#### EXERCISE PROMPT:
Restate all data exactly. No images.

#### INPUT RECORDS:
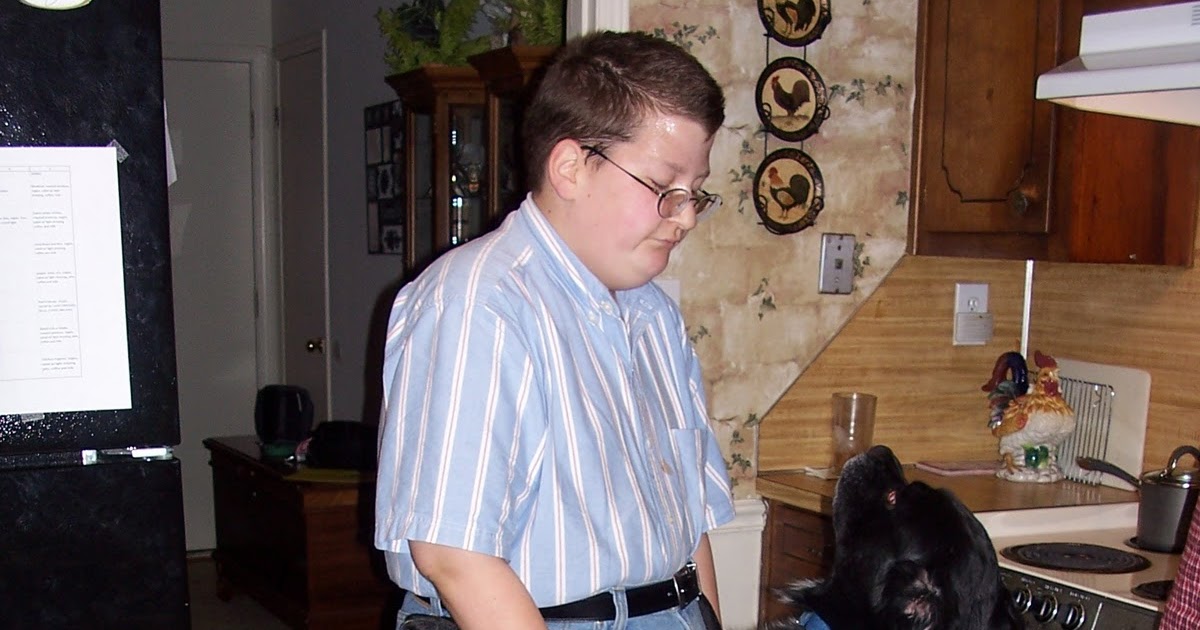 Hopeful Parents A House with No Mirrors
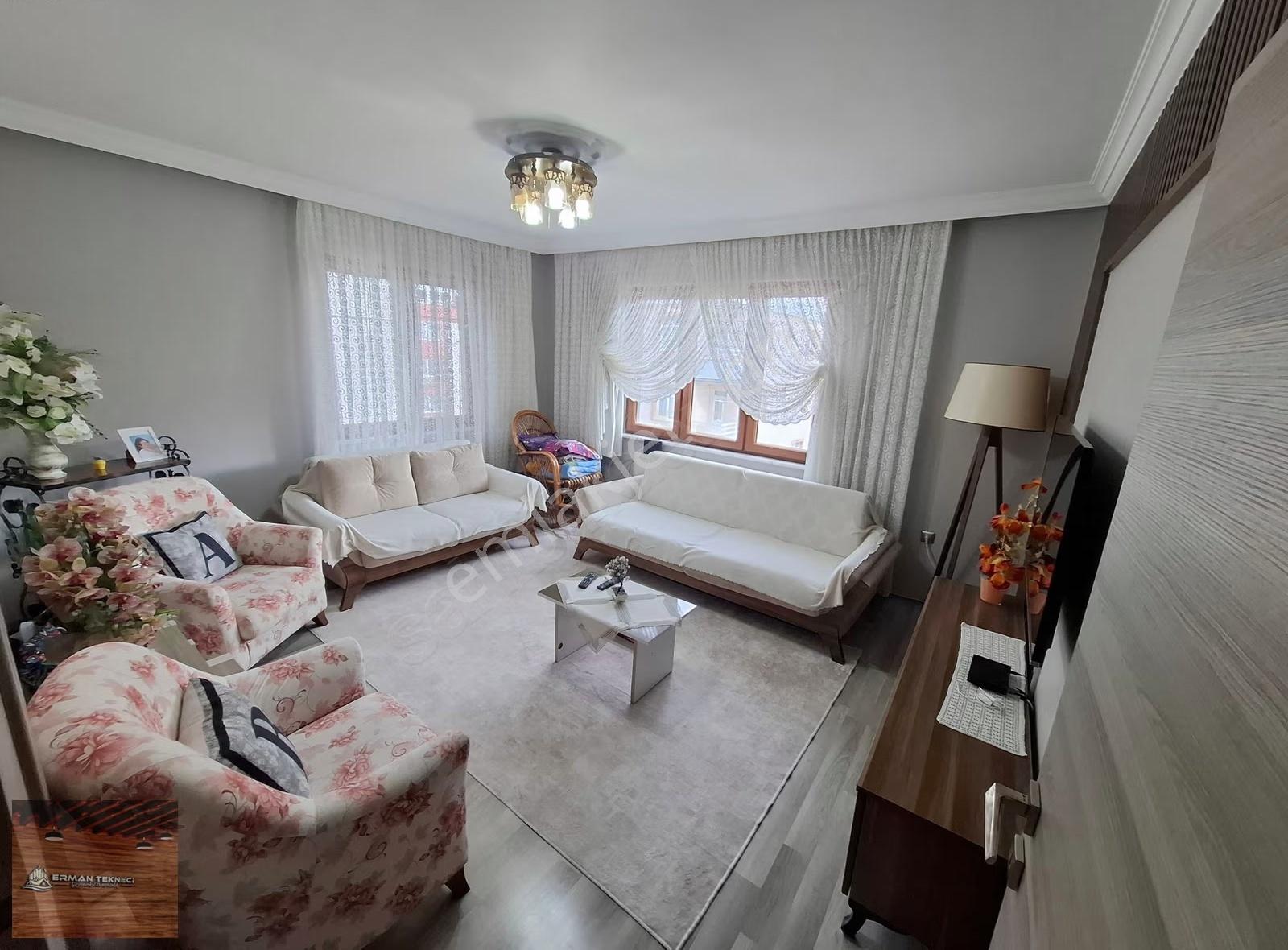Durugöl Mah Plaja Yakın 140m² Satılık Arakat Daire - Görsel 13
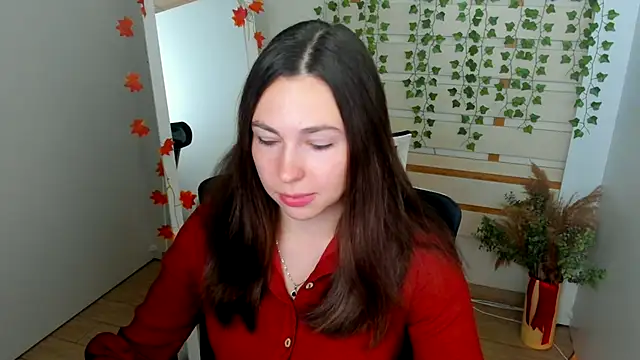 Snapshot of Lexy_flower chatting on October 6, 12:33 pm Lexy flower online show from October 6, 12:33 pm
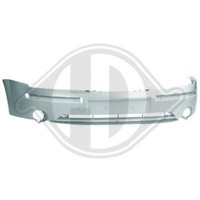 Diederichs StoßFäNger StoßStange Vorne FüR Ford Mondeo III Turnier BWY 2.0 Tdci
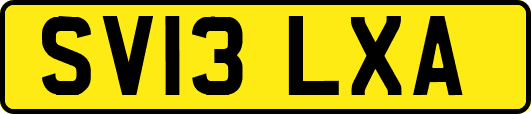 SV13LXA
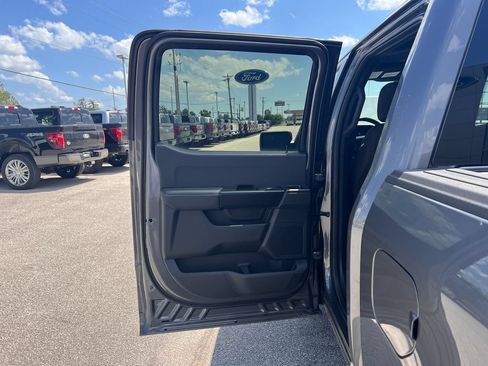 New 2026 Ford F150 STX AWD/4WD image 14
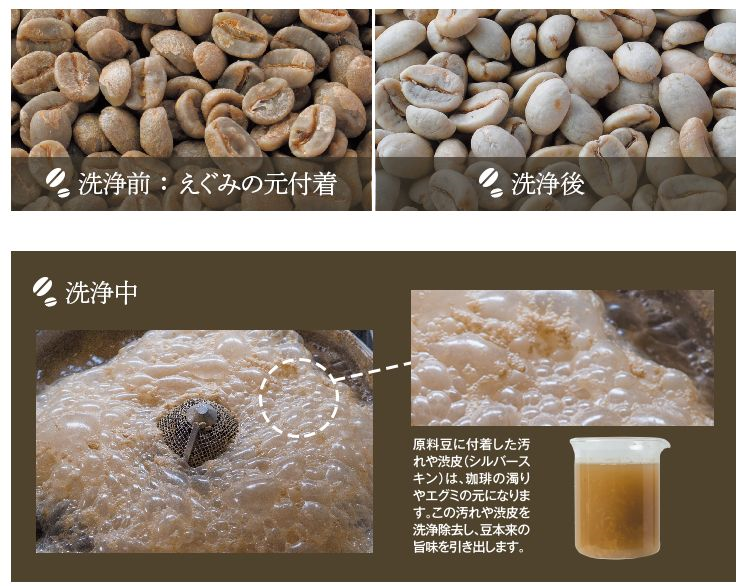 きれいなコーヒードリップバッグ（12種12袋）/オアシス珈琲有限会社の画像2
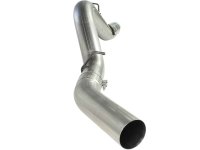 AFE Filters 49-44041 LARGE Bore HD DPF-Back Exhaust System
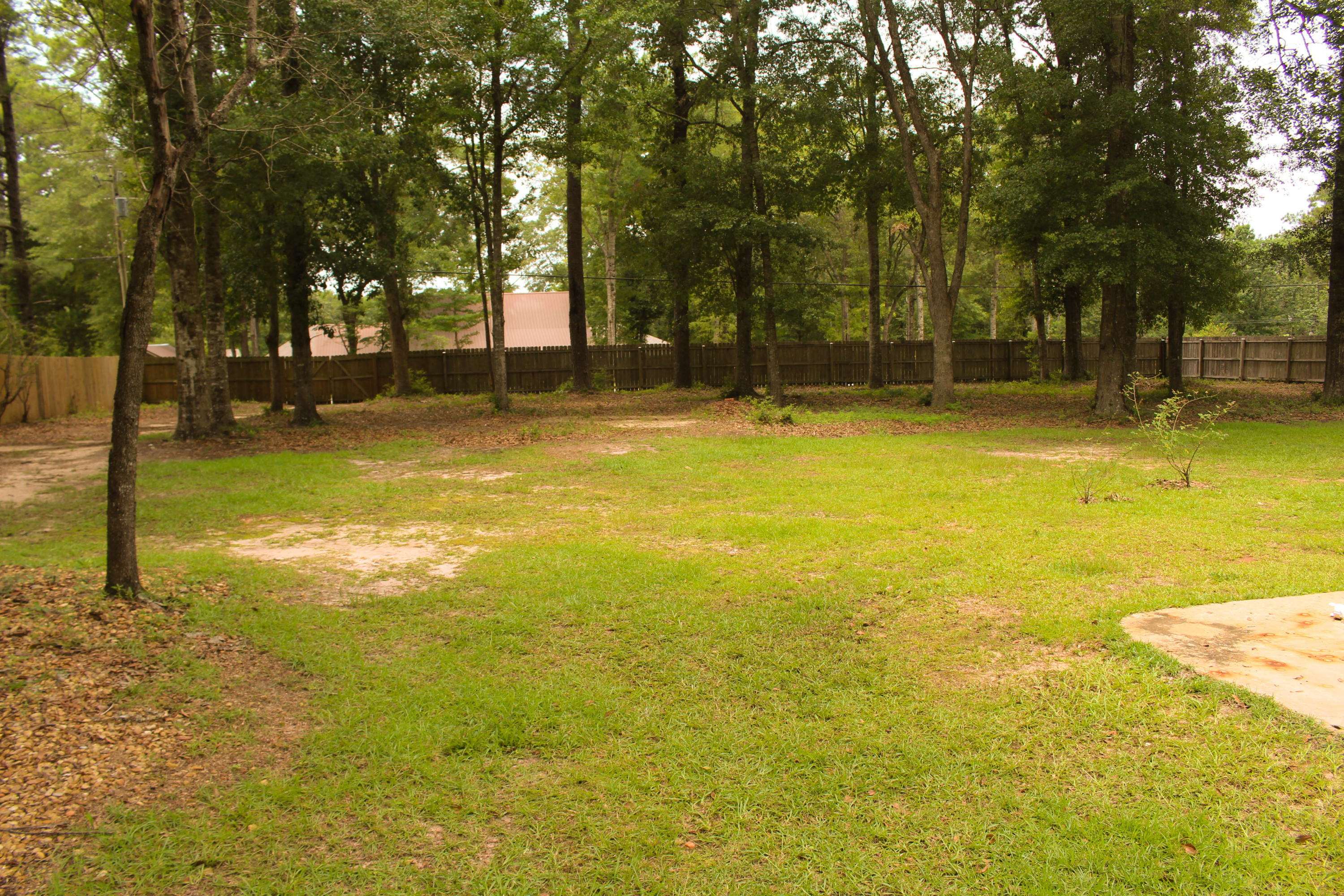 HOLLY HILLS - Residential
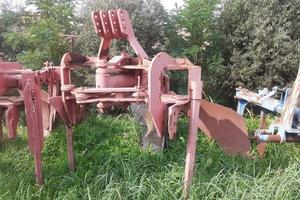 Aratro Sogema Monovomere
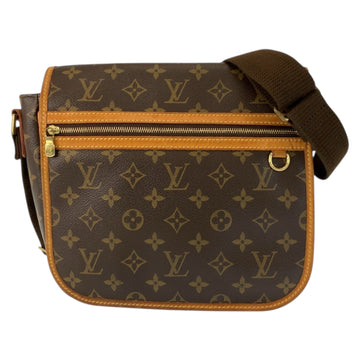 Bosphore Messenger Bag Monogram Canvas PM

#### COMPLETED TASK:
 Hopeful Parents A House with No Mirrors
Durugöl Mah Plaja Yakın 140m² Satılık Arakat Daire - Görsel 13
 Snapshot of Lexy_flower chatting on October 6, 12:33 pm Lexy flower online show from October 6, 12:33 pm
 Diederichs StoßFäNger StoßStange Vorne FüR Ford Mondeo III Turnier BWY 2.0 Tdci
 SV13LXA
 New 2026 Ford F150 STX AWD/4WD image 14
 きれいなコーヒードリップバッグ（12種12袋）/オアシス珈琲有限会社の画像2
 AFE Filters 49-44041 LARGE Bore HD DPF-Back Exhaust System
 HOLLY HILLS - Residential
 Aratro Sogema Monovomere
 Bosphore Messenger Bag Monogram Canvas PM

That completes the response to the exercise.